I think it’s rather telling that MySQL themselves do not use this feature to index their own site, instead using Mnogo Search. While looking for a solution for us I decided against open source solutions for two reasons.
- We would still, essentially, be rolling our own search solution, which would still have to be maintained and supported internally. With two full time developers (including myself) this simply wasn’t an option. We needed a “Plug and play” solution.
- Support is non-existent for ht://Dig, but is available for Mnogo Search, however this still left us configuring, installing and supporting hardware.
This left us with two options: a hosted solution (ie. atoms.com) or an appliance (ie. the Google Search Appliance). In the end we went with the GSA GB-1001 for a few reasons.
- Even with the hefty price tag of $30,000 (USD) it was still cheaper than a hosted solution.
- It’s supported for two years and, after the two years is up, we still get to keep the hardware.
- Since we host it internally we can quickly change the XSLT stylesheets, etc. without having to call up an ASP to make changes.
So the GSA arrived and there was much rejoicing.

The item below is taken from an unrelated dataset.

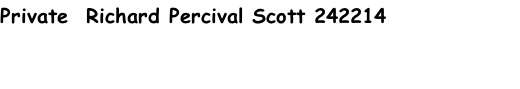 Private  Richard Percival Scott 242214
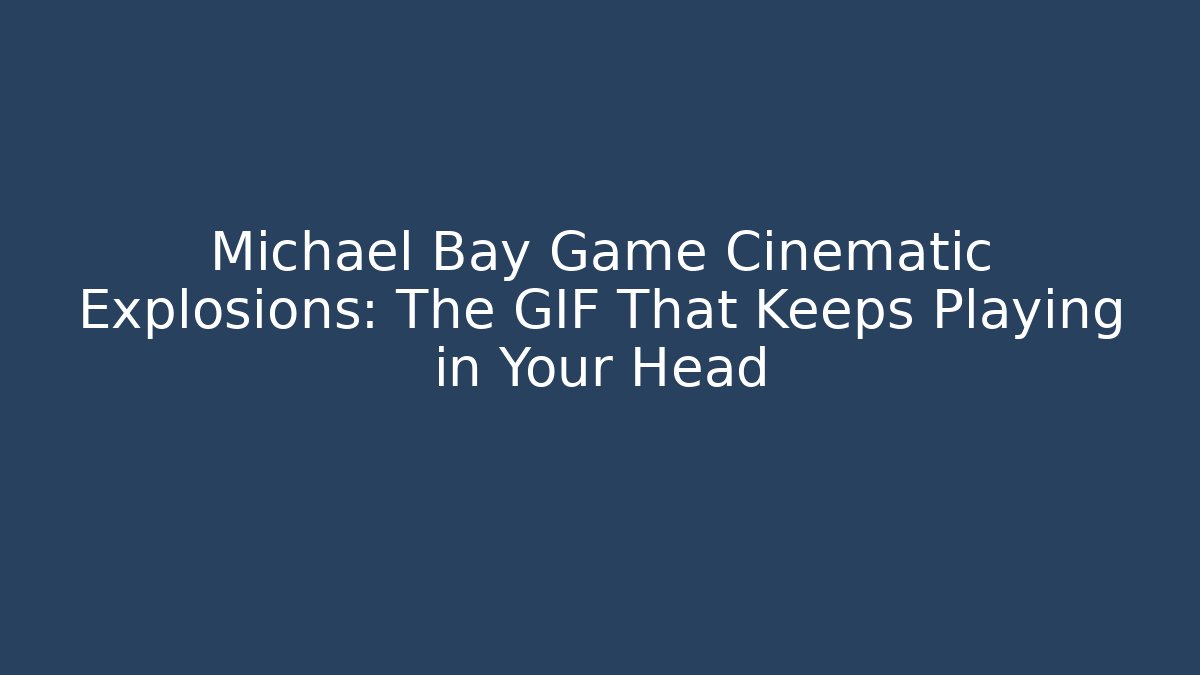 Michael Bay Game Cinematic Explosions: The GIF That Keeps Playing in Your Head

Until we booted up the machine and noticed that it had arrived with a dead hard drive. Google says that it’s perfectly okay if a single drive fails and that they normally don’t replace a GSA with only a single dead hard drive. Okay, that’s fine, but the thing arrived with a dead hard drive. For that much money I would think it should arrive in pristine working condition.

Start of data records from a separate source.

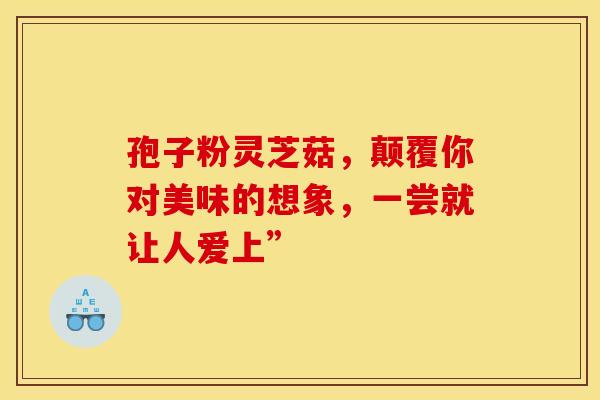 孢子粉灵芝菇，颠覆你对美味的想象，一尝就让人爱上”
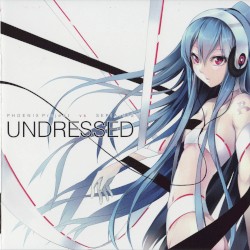 Undressed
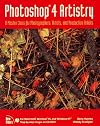 Photoshop 4 Artistry: A Master Class for Photographers, Artists, Production Artists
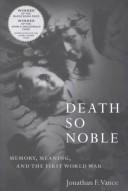 Cover of: Death so noble: memory, meaning, and the First World War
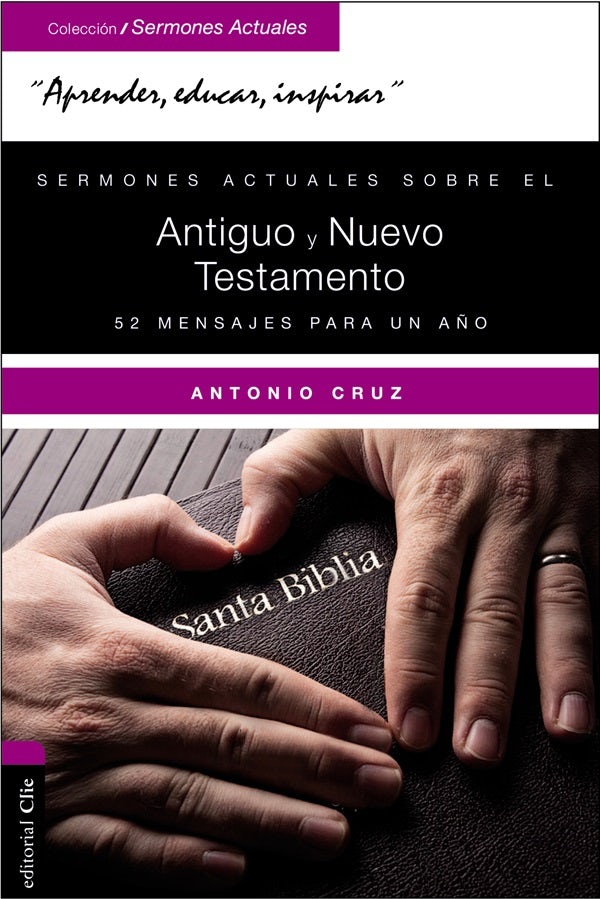 Cover image for Sermones Actuales Sobre El Antiguo Y El Nuevo Testamento, isbn: 9788416845378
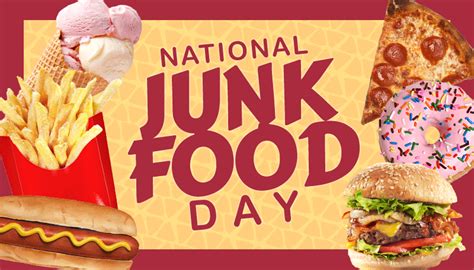 Junk Food Yes Today Is Junk Food Day It Is The Perfect Day To Treat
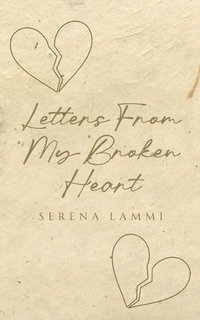 bokomslag Letters From My Broken Heart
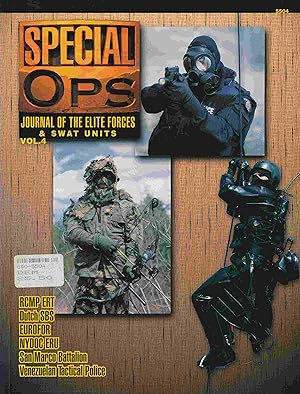 Bild des Verkufers fr Special Ops: Journal of the Elite Forces and Swat Units ( Vol. 4 ). zum Verkauf von Antiquariat Bernhardt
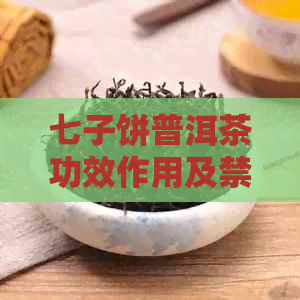 七子饼普洱茶功效作用及禁忌：详细了解其对健的影响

To top off my frustrations the box locked up twice within a 24 hour period. Obviously, I wasn’t putting this thing into production anytime soon. Come to find out this locking business is a known issue with a working patch. I flat out asked my Google rep why it wasn’t shipped with the patch and they said it was because it only affected some of the GSA’s. Great. In the end we shipped our GSA backed after they shipped out a replacement.

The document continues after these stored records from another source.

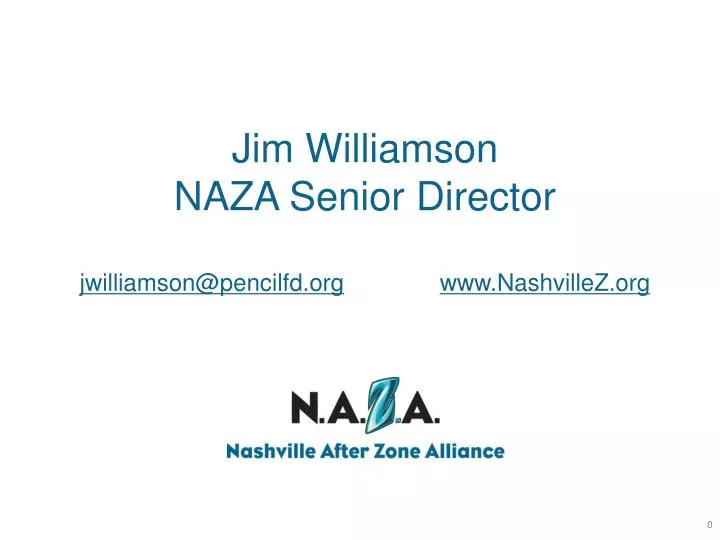 jim williamson naza senior director jwilliamson@pencilfd org www nashvillez org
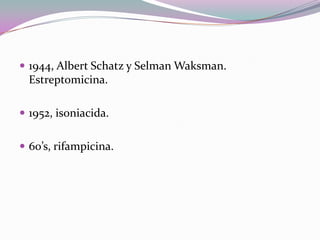  1944, Albert Schatz y Selman Waksman.

Estreptomicina.
 1952, isoniacida.

 60’s, rifampicina.

 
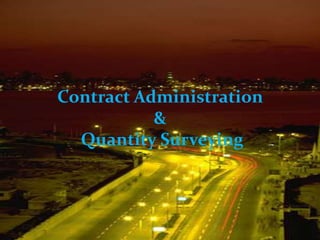 Contract Administration
&
Quantity Surveying
 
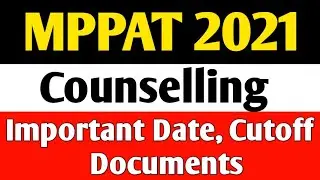 PAT 2021 Counselling | Official Notice | MPPAT 2021-22 | Important Dates , Cutoff | krishi Kranti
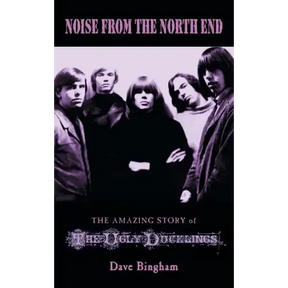 Noise from the North End: The Amazing Story of The Ugly Ducklings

The second one arrived with four working hard drives, but also suffered from the locking issue, which Google quickly patched by logging in via SSH. SSH? Yes, the Google Search Appliance runs RedHat Linux.
So what exactly does the GSA run on? Well I’ll list the specs out for you.
- Quad 2.66GHz Intel Xeon
- 12GB of RAM
- Five 250GB Western Digital EIDE drives (Two 250GB RAID1 mirrors on a 3ware ATA RAID card and one hot spare)
In other words it’s a really beefy linux box (in a really dorky looking yellow case). Of course the box is all locked up so you can’t look on the inside and I wasn’t looking to void our support and warranty by opening the box.
So how does it perform? Well, after much tweaking of the XML interface, it’s pretty amazing. According to Google the GB-1001 will index 500,000 documents and is capable of performing 300 queries per second.
After the initial problems with the GSA I have two major complaints with it. The first is that the support is inadequate. For $15,000 per year I expect support to be better than email-only Monday through Friday during business hours. The second is that it didn’t ship with a SOAP interface. The main Google site has one, why doesn’t the GSA? Sure I can get the response back in XML, but a SOAP interface would have been much appreciated.
Other than those two issues and a few minor quirks I give the GB-1001 a high score. If you’re simply doing a site-wide search I don’t think you’ll find a more brain dead simple solution.